In 2014, my husband Larry spent eight days in New Jersey as the New York State triathlon coach at the Special Olympics USA National Games. He described his experience as “incredible” and “life affirming.” As soon as he arrived home, he tried to catch up on his sleep as he got less than five hours a night for the entire trip. How he got to this nirvana of sleep deprivation is part of Shapiro family lore.
Almost twenty years ago, Larry announced at the dinner table that he had signed the family up to volunteer at the New York State Special Olympics Summer Games that were being held at University of Albany in early June. My children had been involved in sports for a long time, and Larry recognized that many volunteers had made their swimming, cross country, and track and field meets possible.

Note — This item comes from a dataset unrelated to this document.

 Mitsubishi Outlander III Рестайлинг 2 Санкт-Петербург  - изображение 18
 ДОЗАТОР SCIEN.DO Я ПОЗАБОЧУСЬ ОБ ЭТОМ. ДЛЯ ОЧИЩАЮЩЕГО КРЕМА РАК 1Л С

He felt the four of us should pay it forward by contributing our time to the intellectually challenged athletes at the state-wide event in the track and field competition.
We enjoyed our experience enough to sign up to volunteer again the following year. While at the games, Larry was asked to help out with the Saratoga County track and field program that met April through mid-June at the Saratoga Springs high school track. Larry’s co-worker also volunteered, and the two of them drove up every Monday and Thursday from downtown Albany. After a couple of years the two of them extended their time commitment to include helping at local Special Olympic meets.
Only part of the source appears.